===== Collected material

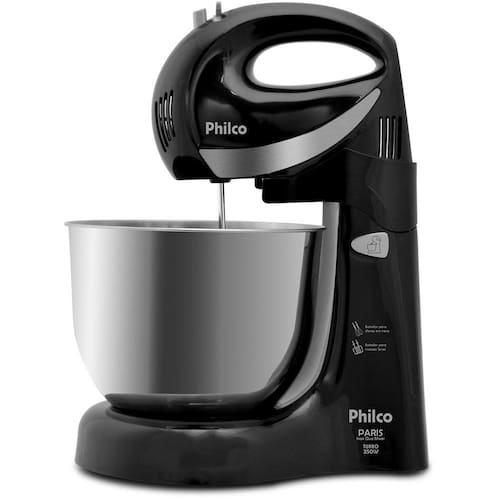 imagem-Batedeira Philco Paris Inox Duo Mixer Turbo Preto - 110V
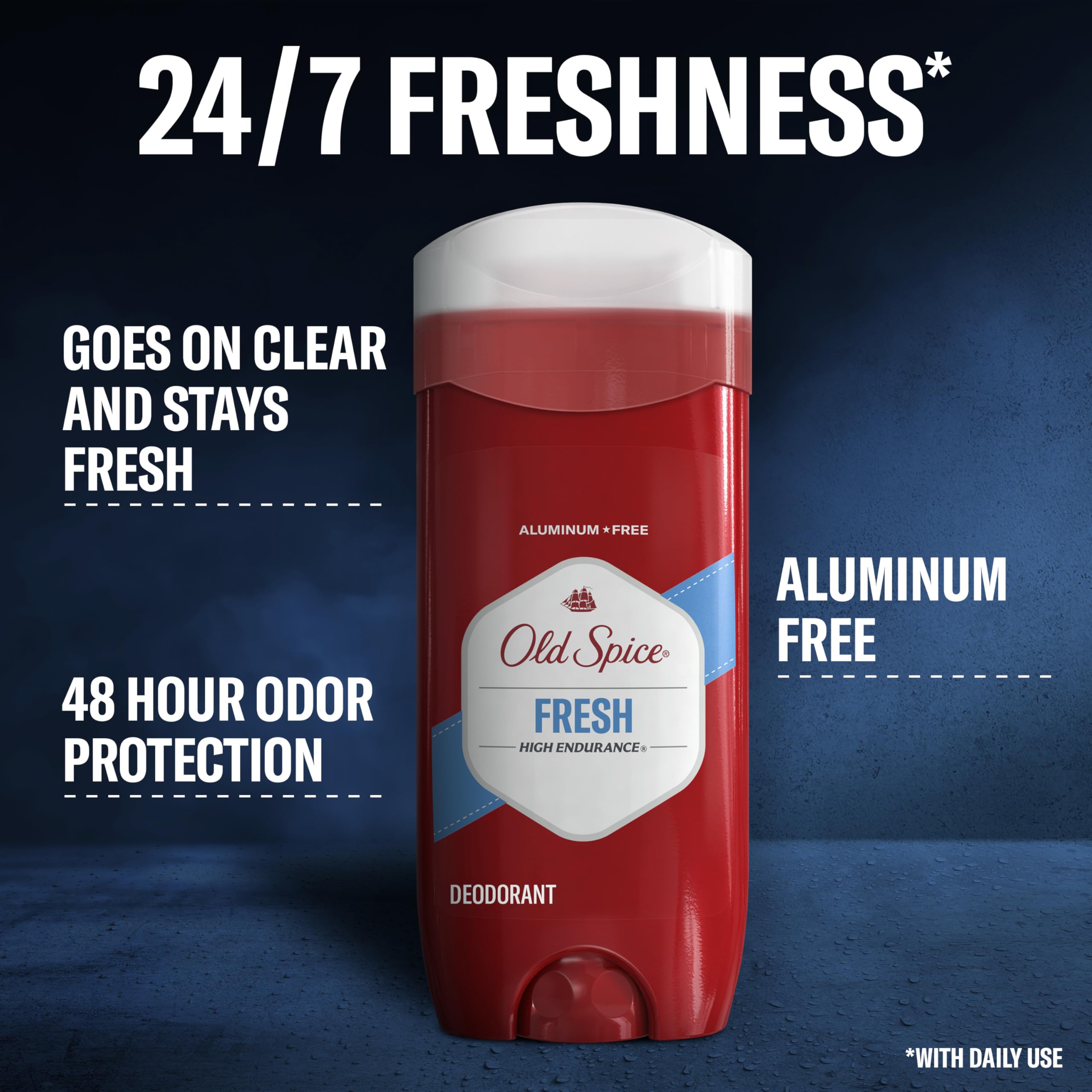 Old Spice Aluminum Free Deodorant For Men, High Endurance, 24/7 Sweat Defense & Odor Protection, 24/7 Freshness & Lasting Scent,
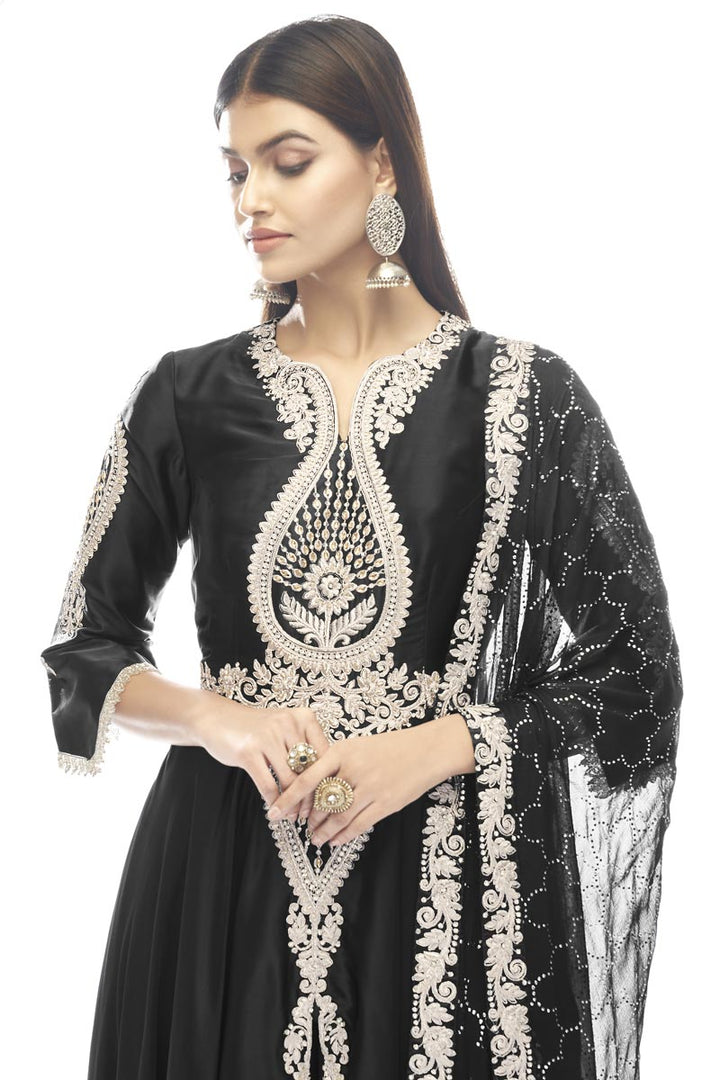 Function Wear Satin Fabric Anarkali Suit In Dazzling Black Color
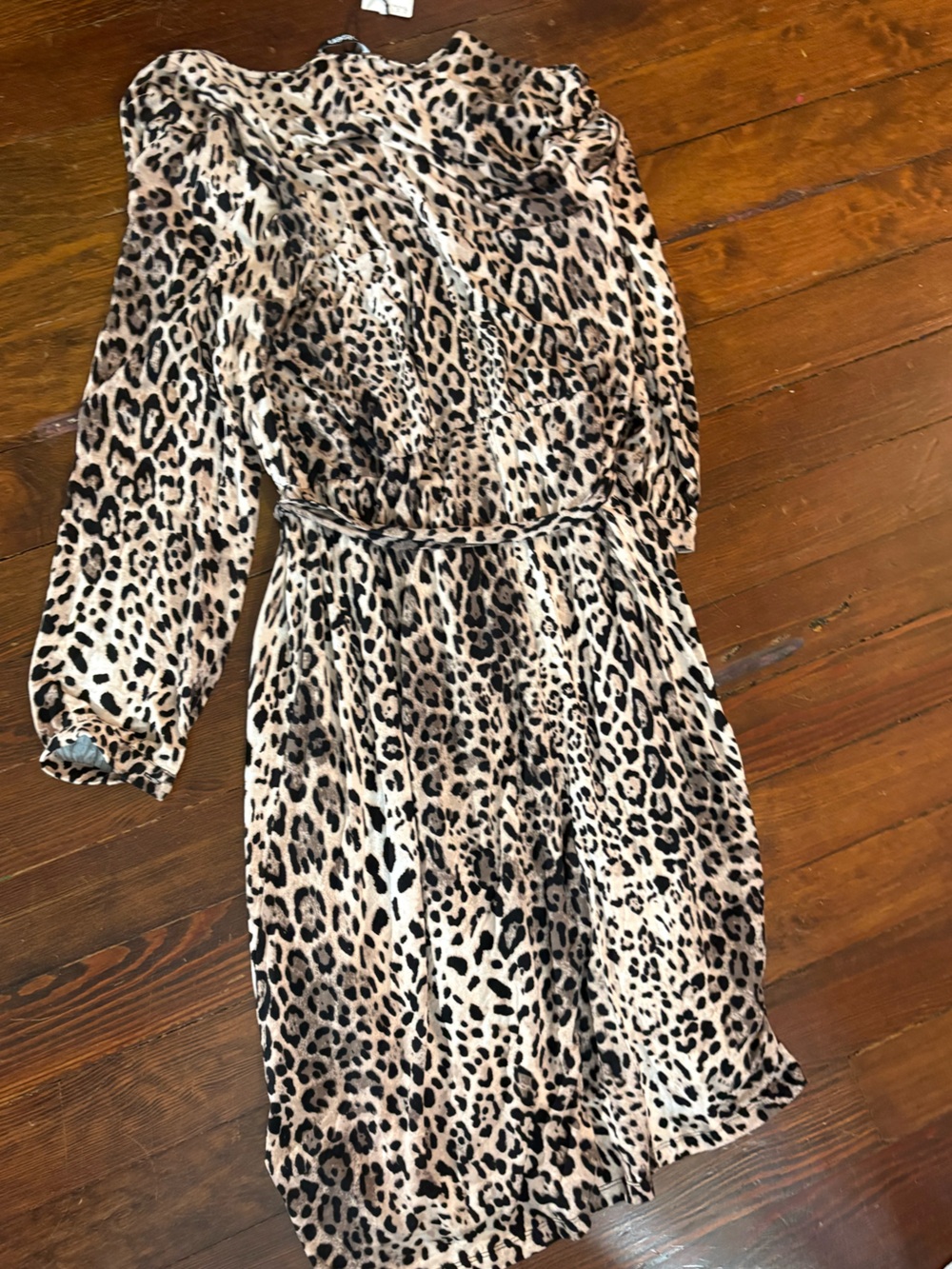 NWT Olsen cheetah leopard print long sleeve wrap midi tie dress size 12 - Picture 5 of 5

==========

# [Task to complete]
Output the data above in full. Skip every picture.

# [Answer to the problem]
 imagem-Batedeira Philco Paris Inox Duo Mixer Turbo Preto - 110V
 Old Spice Aluminum Free Deodorant For Men, High Endurance, 24/7 Sweat Defense & Odor Protection, 24/7 Freshness & Lasting Scent,
 Function Wear Satin Fabric Anarkali Suit In Dazzling Black Color
 NWT Olsen cheetah leopard print long sleeve wrap midi tie dress size 12 - Picture 5 of 5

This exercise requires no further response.